- Data section:

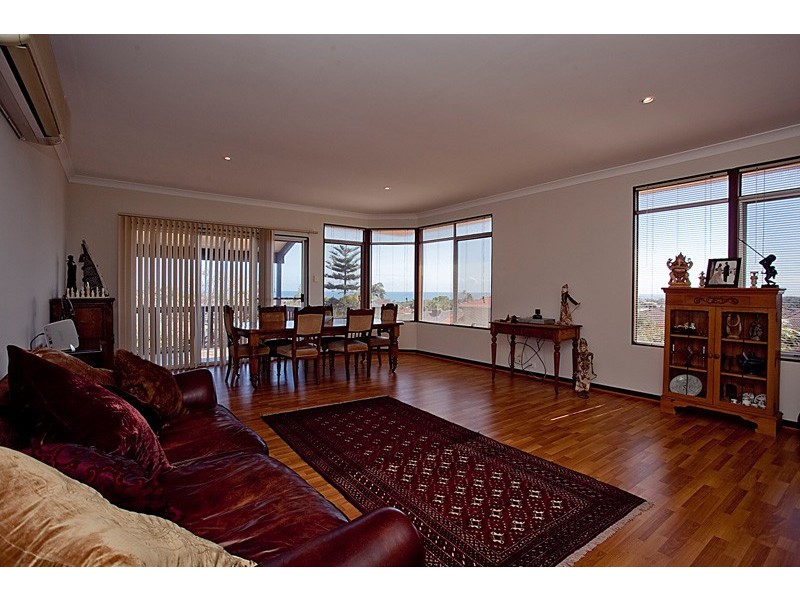 2 Bounty Place, Ocean Reef WA 6027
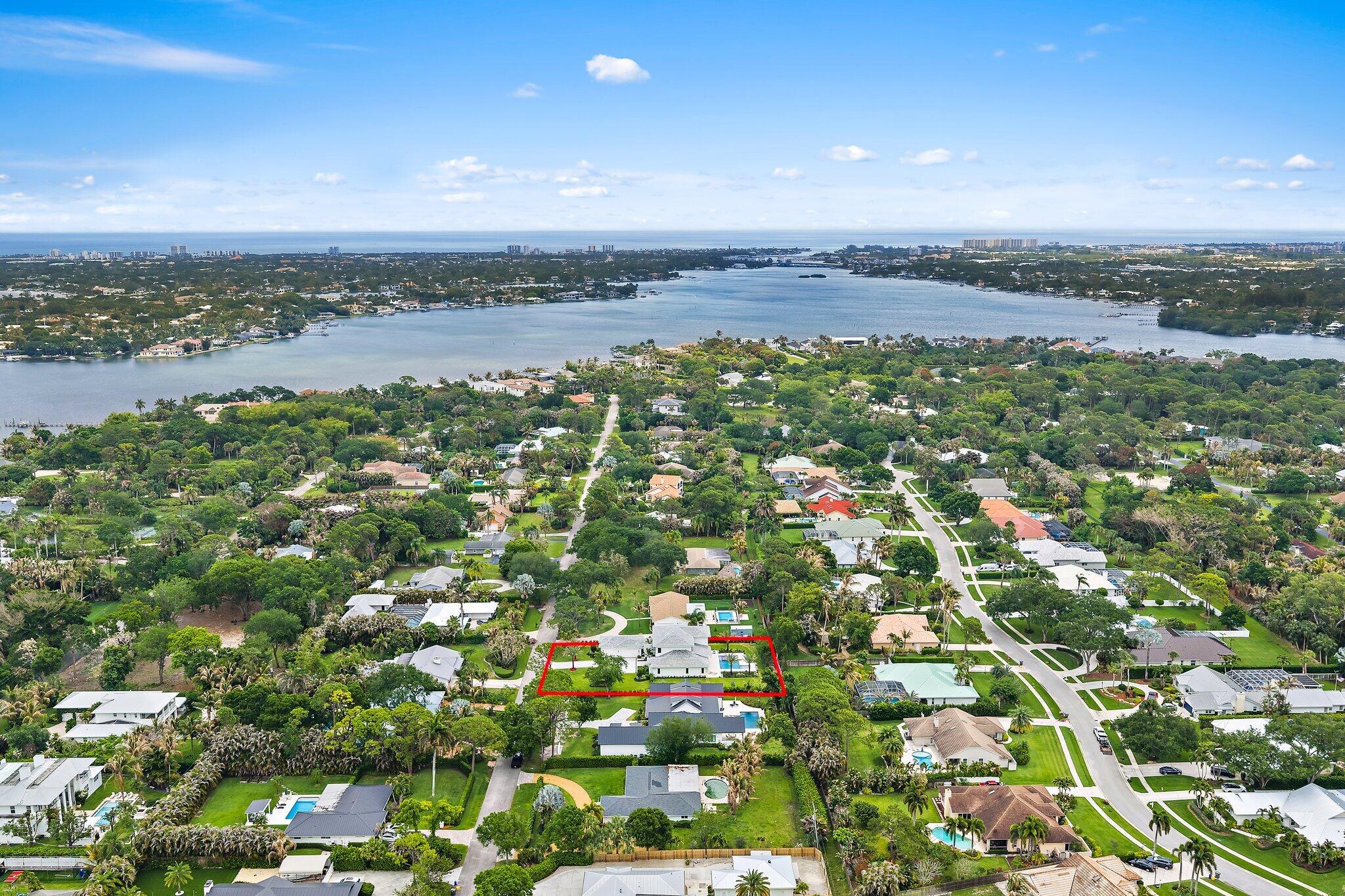 PENNOCK POINT - Residential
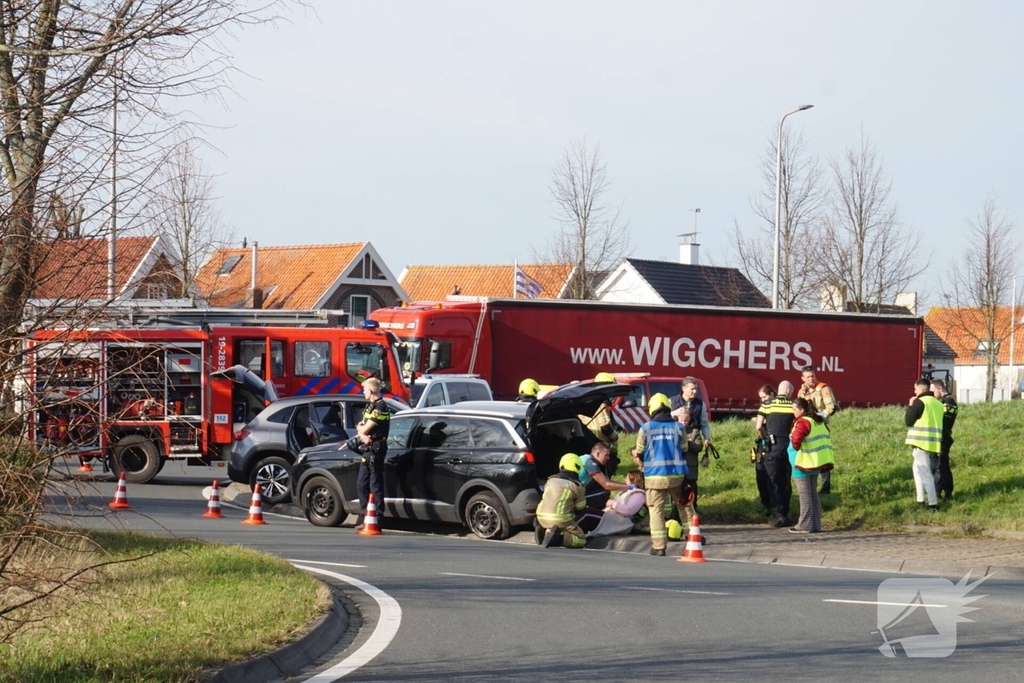 Ongeval op rotonde zorgt voor verkeershinder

- What to work on: What is needed is a word-for-word copy of the data above, free of any images.

- Answer section:
 2 Bounty Place, Ocean Reef WA 6027
 PENNOCK POINT - Residential
 Ongeval op rotonde zorgt voor verkeershinder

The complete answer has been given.